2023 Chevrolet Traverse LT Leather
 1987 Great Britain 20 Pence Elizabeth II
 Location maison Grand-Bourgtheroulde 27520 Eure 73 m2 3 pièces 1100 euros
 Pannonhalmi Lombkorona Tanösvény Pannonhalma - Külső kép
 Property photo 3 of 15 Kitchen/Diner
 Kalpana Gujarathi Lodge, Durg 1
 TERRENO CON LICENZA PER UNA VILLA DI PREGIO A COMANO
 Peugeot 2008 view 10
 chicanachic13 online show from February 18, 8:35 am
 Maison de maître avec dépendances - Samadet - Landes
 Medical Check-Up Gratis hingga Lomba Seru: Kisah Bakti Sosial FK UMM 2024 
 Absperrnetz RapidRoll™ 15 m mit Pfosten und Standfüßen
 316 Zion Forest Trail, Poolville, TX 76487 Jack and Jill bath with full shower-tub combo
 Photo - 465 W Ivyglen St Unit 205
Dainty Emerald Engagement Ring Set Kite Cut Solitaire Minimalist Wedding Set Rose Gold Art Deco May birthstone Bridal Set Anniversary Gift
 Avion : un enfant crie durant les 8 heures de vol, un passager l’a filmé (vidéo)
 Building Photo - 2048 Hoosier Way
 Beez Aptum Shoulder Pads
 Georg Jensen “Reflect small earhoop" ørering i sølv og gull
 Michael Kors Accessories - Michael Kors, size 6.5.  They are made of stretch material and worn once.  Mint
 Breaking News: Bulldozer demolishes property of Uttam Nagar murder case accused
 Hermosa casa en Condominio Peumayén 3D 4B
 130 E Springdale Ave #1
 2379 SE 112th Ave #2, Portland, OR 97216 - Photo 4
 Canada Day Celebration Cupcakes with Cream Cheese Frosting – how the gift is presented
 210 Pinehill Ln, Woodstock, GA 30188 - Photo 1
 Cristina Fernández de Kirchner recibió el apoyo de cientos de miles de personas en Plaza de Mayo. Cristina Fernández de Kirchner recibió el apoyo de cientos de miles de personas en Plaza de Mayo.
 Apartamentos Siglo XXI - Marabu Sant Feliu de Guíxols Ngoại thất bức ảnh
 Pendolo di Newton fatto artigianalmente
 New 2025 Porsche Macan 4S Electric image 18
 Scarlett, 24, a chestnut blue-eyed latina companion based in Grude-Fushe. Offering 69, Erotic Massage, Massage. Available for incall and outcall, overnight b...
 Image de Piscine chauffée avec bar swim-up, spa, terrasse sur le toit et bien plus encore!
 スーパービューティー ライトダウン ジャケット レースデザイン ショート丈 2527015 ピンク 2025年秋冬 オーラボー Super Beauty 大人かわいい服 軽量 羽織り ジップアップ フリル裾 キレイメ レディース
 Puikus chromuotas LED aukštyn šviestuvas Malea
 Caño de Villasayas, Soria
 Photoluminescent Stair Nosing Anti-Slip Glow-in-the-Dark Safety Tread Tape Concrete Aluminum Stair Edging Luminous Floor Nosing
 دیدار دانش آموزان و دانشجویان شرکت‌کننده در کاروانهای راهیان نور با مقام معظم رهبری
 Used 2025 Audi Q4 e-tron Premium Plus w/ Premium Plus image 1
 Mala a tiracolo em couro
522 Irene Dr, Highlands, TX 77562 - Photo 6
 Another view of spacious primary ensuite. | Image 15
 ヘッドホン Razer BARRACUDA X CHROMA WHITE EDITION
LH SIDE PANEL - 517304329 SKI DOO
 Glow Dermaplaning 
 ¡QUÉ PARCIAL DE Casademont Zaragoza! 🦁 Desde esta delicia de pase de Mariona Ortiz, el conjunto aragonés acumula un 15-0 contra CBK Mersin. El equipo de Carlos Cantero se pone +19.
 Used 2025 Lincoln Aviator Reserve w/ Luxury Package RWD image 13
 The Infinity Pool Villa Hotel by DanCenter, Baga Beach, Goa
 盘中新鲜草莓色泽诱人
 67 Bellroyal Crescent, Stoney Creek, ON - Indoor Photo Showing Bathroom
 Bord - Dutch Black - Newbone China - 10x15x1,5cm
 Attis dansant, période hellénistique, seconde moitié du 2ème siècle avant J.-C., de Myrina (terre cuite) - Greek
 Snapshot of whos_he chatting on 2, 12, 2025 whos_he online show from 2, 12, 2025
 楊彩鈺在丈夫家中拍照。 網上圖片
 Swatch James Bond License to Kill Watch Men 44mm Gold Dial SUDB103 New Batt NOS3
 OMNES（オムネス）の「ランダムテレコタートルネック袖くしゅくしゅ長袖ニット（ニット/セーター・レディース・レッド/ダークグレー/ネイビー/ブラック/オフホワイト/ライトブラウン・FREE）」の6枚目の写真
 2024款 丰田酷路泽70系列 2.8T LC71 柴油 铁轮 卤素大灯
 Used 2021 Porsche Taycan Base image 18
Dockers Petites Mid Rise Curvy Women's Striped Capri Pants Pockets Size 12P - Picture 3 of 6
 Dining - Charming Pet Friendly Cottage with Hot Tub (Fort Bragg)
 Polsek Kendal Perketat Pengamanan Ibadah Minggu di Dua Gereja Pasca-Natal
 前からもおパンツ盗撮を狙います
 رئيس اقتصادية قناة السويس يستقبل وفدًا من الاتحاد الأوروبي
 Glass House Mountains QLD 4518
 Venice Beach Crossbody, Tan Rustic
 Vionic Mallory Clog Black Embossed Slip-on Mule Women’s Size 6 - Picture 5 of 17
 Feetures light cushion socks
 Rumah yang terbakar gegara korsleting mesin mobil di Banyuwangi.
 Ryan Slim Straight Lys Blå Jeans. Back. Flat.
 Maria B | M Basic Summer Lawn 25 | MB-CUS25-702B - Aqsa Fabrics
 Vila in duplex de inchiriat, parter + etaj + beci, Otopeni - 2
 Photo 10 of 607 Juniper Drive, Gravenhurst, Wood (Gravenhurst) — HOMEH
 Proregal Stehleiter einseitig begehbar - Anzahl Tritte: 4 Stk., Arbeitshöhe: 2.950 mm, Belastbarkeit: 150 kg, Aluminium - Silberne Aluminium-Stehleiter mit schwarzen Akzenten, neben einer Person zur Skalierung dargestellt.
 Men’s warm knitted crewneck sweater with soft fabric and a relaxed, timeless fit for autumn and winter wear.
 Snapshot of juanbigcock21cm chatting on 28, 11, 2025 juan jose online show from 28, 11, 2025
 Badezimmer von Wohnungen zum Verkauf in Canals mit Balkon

**WORK TO BE COMPLETED:** Your task is to retype all the records above with nothing left out.

**OUTPUT OF THE EXERCISE:**
2023 Chevrolet Traverse LT Leather
 1987 Great Britain 20 Pence Elizabeth II
 Location maison Grand-Bourgtheroulde 27520 Eure 73 m2 3 pièces 1100 euros
 Pannonhalmi Lombkorona Tanösvény Pannonhalma - Külső kép
 Property photo 3 of 15 Kitchen/Diner
 Kalpana Gujarathi Lodge, Durg 1
 TERRENO CON LICENZA PER UNA VILLA DI PREGIO A COMANO
 Peugeot 2008 view 10
 chicanachic13 online show from February 18, 8:35 am
 Maison de maître avec dépendances - Samadet - Landes
 Medical Check-Up Gratis hingga Lomba Seru: Kisah Bakti Sosial FK UMM 2024 
 Absperrnetz RapidRoll™ 15 m mit Pfosten und Standfüßen
 316 Zion Forest Trail, Poolville, TX 76487 Jack and Jill bath with full shower-tub combo
 Photo - 465 W Ivyglen St Unit 205
Dainty Emerald Engagement Ring Set Kite Cut Solitaire Minimalist Wedding Set Rose Gold Art Deco May birthstone Bridal Set Anniversary Gift
 Avion : un enfant crie durant les 8 heures de vol, un passager l’a filmé (vidéo)
 Building Photo - 2048 Hoosier Way
 Beez Aptum Shoulder Pads
 Georg Jensen “Reflect small earhoop" ørering i sølv og gull
 Michael Kors Accessories - Michael Kors, size 6.5.  They are made of stretch material and worn once.  Mint
 Breaking News: Bulldozer demolishes property of Uttam Nagar murder case accused
 Hermosa casa en Condominio Peumayén 3D 4B
 130 E Springdale Ave #1
 2379 SE 112th Ave #2, Portland, OR 97216 - Photo 4
 Canada Day Celebration Cupcakes with Cream Cheese Frosting – how the gift is presented
 210 Pinehill Ln, Woodstock, GA 30188 - Photo 1
 Cristina Fernández de Kirchner recibió el apoyo de cientos de miles de personas en Plaza de Mayo. Cristina Fernández de Kirchner recibió el apoyo de cientos de miles de personas en Plaza de Mayo.
 Apartamentos Siglo XXI - Marabu Sant Feliu de Guíxols Ngoại thất bức ảnh
 Pendolo di Newton fatto artigianalmente
 New 2025 Porsche Macan 4S Electric image 18
 Scarlett, 24, a chestnut blue-eyed latina companion based in Grude-Fushe. Offering 69, Erotic Massage, Massage. Available for incall and outcall, overnight b...
 Image de Piscine chauffée avec bar swim-up, spa, terrasse sur le toit et bien plus encore!
 スーパービューティー ライトダウン ジャケット レースデザイン ショート丈 2527015 ピンク 2025年秋冬 オーラボー Super Beauty 大人かわいい服 軽量 羽織り ジップアップ フリル裾 キレイメ レディース
 Puikus chromuotas LED aukštyn šviestuvas Malea
 Caño de Villasayas, Soria
 Photoluminescent Stair Nosing Anti-Slip Glow-in-the-Dark Safety Tread Tape Concrete Aluminum Stair Edging Luminous Floor Nosing
 دیدار دانش آموزان و دانشجویان شرکت‌کننده در کاروانهای راهیان نور با مقام معظم رهبری
 Used 2025 Audi Q4 e-tron Premium Plus w/ Premium Plus image 1
 Mala a tiracolo em couro
522 Irene Dr, Highlands, TX 77562 - Photo 6
 Another view of spacious primary ensuite. | Image 15
 ヘッドホン Razer BARRACUDA X CHROMA WHITE EDITION
LH SIDE PANEL - 517304329 SKI DOO
 Glow Dermaplaning 
 ¡QUÉ PARCIAL DE Casademont Zaragoza! 🦁 Desde esta delicia de pase de Mariona Ortiz, el conjunto aragonés acumula un 15-0 contra CBK Mersin. El equipo de Carlos Cantero se pone +19.
 Used 2025 Lincoln Aviator Reserve w/ Luxury Package RWD image 13
 The Infinity Pool Villa Hotel by DanCenter, Baga Beach, Goa
 盘中新鲜草莓色泽诱人
 67 Bellroyal Crescent, Stoney Creek, ON - Indoor Photo Showing Bathroom
 Bord - Dutch Black - Newbone China - 10x15x1,5cm
 Attis dansant, période hellénistique, seconde moitié du 2ème siècle avant J.-C., de Myrina (terre cuite) - Greek
 Snapshot of whos_he chatting on 2, 12, 2025 whos_he online show from 2, 12, 2025
 楊彩鈺在丈夫家中拍照。 網上圖片
 Swatch James Bond License to Kill Watch Men 44mm Gold Dial SUDB103 New Batt NOS3
 OMNES（オムネス）の「ランダムテレコタートルネック袖くしゅくしゅ長袖ニット（ニット/セーター・レディース・レッド/ダークグレー/ネイビー/ブラック/オフホワイト/ライトブラウン・FREE）」の6枚目の写真
 2024款 丰田酷路泽70系列 2.8T LC71 柴油 铁轮 卤素大灯
 Used 2021 Porsche Taycan Base image 18
Dockers Petites Mid Rise Curvy Women's Striped Capri Pants Pockets Size 12P - Picture 3 of 6
 Dining - Charming Pet Friendly Cottage with Hot Tub (Fort Bragg)
 Polsek Kendal Perketat Pengamanan Ibadah Minggu di Dua Gereja Pasca-Natal
 前からもおパンツ盗撮を狙います
 رئيس اقتصادية قناة السويس يستقبل وفدًا من الاتحاد الأوروبي
 Glass House Mountains QLD 4518
 Venice Beach Crossbody, Tan Rustic
 Vionic Mallory Clog Black Embossed Slip-on Mule Women’s Size 6 - Picture 5 of 17
 Feetures light cushion socks
 Rumah yang terbakar gegara korsleting mesin mobil di Banyuwangi.
 Ryan Slim Straight Lys Blå Jeans. Back. Flat.
 Maria B | M Basic Summer Lawn 25 | MB-CUS25-702B - Aqsa Fabrics
 Vila in duplex de inchiriat, parter + etaj + beci, Otopeni - 2
 Photo 10 of 607 Juniper Drive, Gravenhurst, Wood (Gravenhurst) — HOMEH
 Proregal Stehleiter einseitig begehbar - Anzahl Tritte: 4 Stk., Arbeitshöhe: 2.950 mm, Belastbarkeit: 150 kg, Aluminium - Silberne Aluminium-Stehleiter mit schwarzen Akzenten, neben einer Person zur Skalierung dargestellt.
 Men’s warm knitted crewneck sweater with soft fabric and a relaxed, timeless fit for autumn and winter wear.
 Snapshot of juanbigcock21cm chatting on 28, 11, 2025 juan jose online show from 28, 11, 2025
 Badezimmer von Wohnungen zum Verkauf in Canals mit Balkon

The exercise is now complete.